The Promise and the Reality
Every organisation that uses or plans to use Retrieval Augmented Generation (RAG) faces a promise: the AI searches the entire knowledge base and delivers precise answers. The promise is technically achievable. The challenge that is systematically underestimated is not a question of the model's intelligence — it is a question of architecture.
Because the AI sees everything. It must see everything to function. But the employee asking the question is not allowed to see everything. Between what the AI knows and what it is permitted to answer lies an architectural no-man's-land that most implementations fail to address.
This post describes the architecture that structures this no-man's-land. It is aimed at decision-makers who want to understand why AI projects on enterprise data will fail without well-thought-out access control — not because of the technology, but because of compliance and trust.

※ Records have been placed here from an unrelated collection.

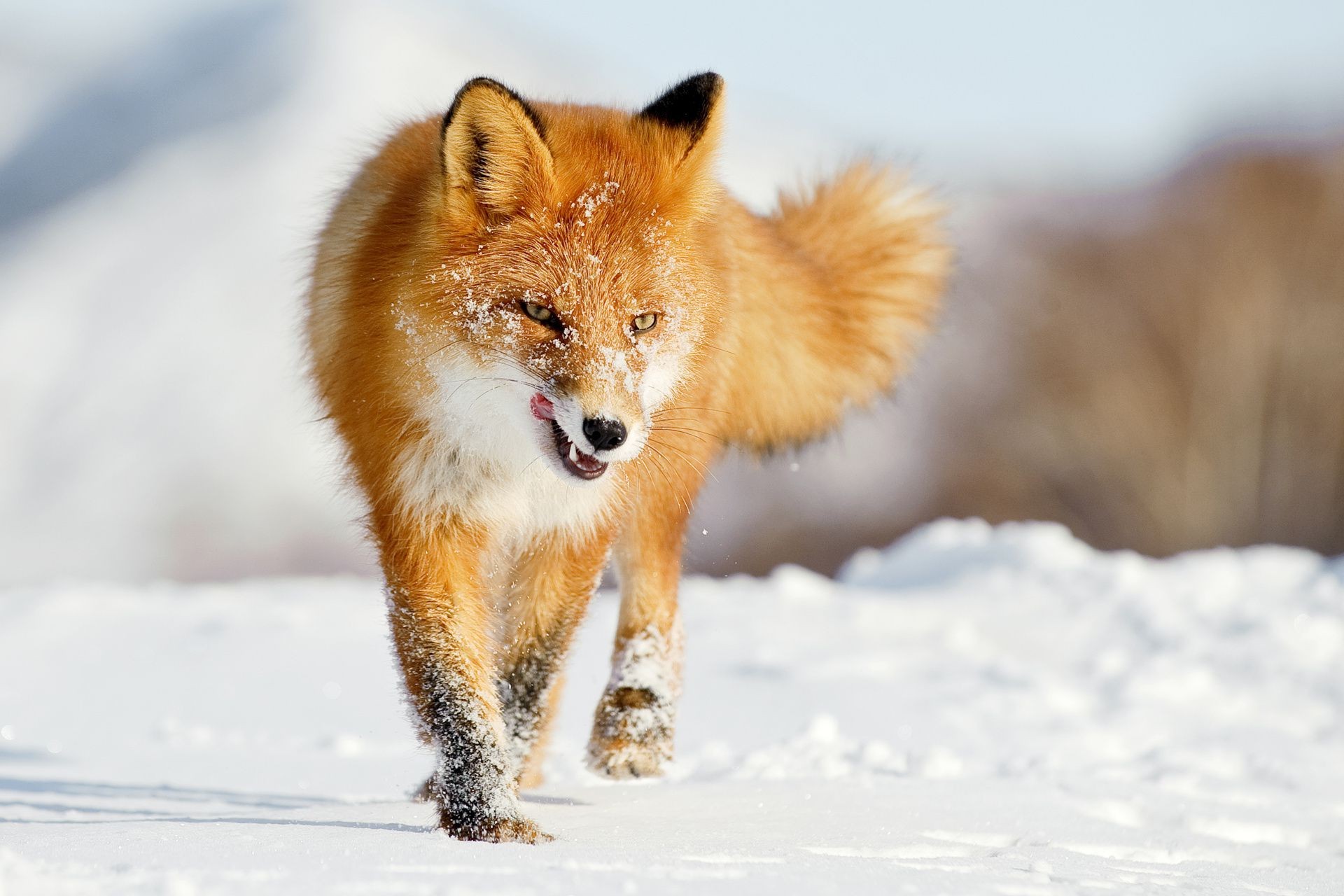 Beautiful Fox Wallpapers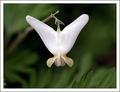 Dutchman's Breeches (Dicentra cucullaria)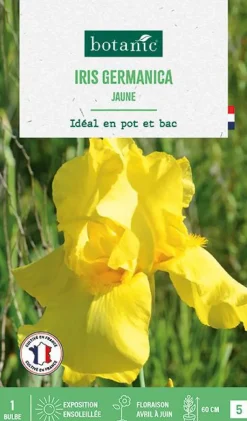 Hot BOTANIC® Bulbe de fleurs Iris Germanica jaune - 1 bulbe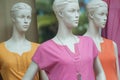 Colorful teeshirt on mannequin in fashion store for women showroom Royalty Free Stock Photo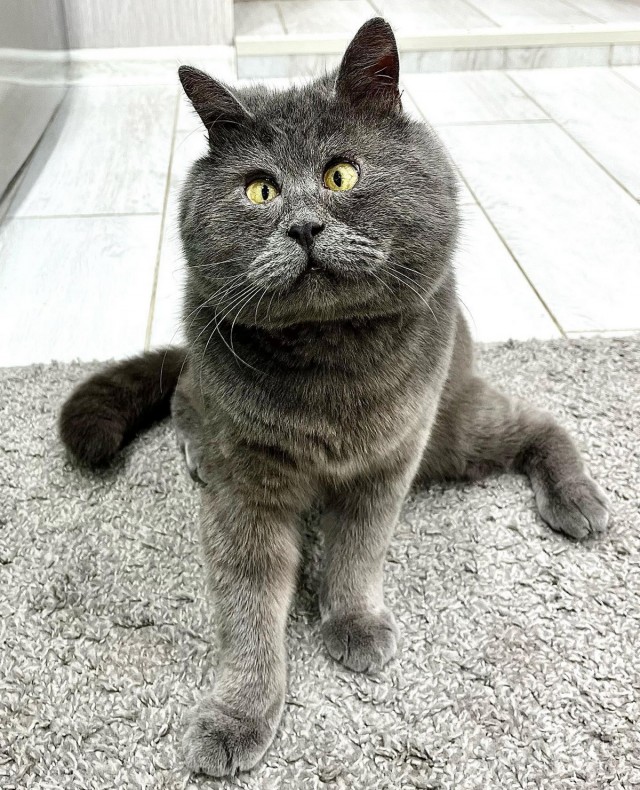 Очаровательный косоглазый кот Федя стал необычайно популярен в интернете
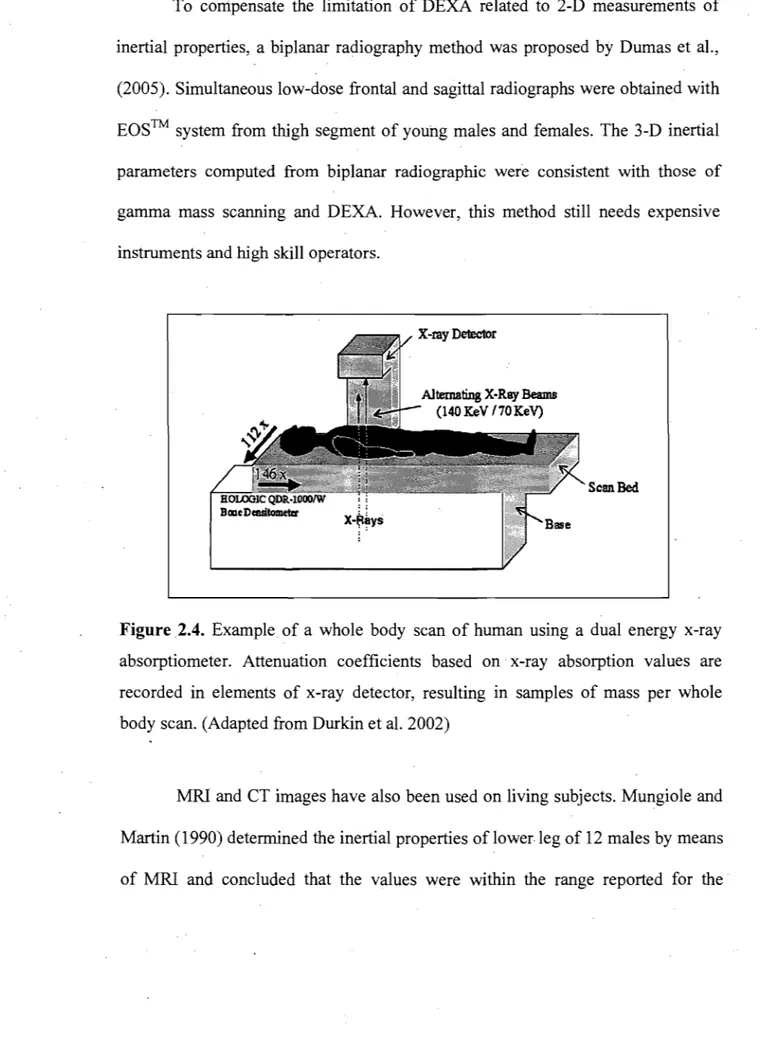 Figure 2.4.  Example of a  whole  body  scan  of human  using  a  dual  energy  x-ray  absorptiometer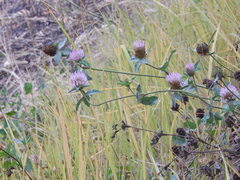 Trifolium pratense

The AI is the Broker, not the Subject
In classic IT architectures, access control is clearly structured: a user (subject) accesses a resource (object), and a rule set decides whether access is permitted. Identity and Access Management (IAM) and Attribute-Based Access Control (ABAC) are established patterns for this.
With AI on enterprise data, this pattern shifts fundamentally. The AI is not a user in the classical sense. It is generally authorised — otherwise it could not access the data stored in the vector store. The actual access control does not occur between AI and data, but between AI and the requesting user.
The question is not: May the AI read this chunk? The question is: May the AI include this chunk in the response to this user?
This means: the AI acts as a broker. It mediates between the organisation's knowledge base and the individual employee. And like any broker, it needs clear rules about what it may pass on to whom.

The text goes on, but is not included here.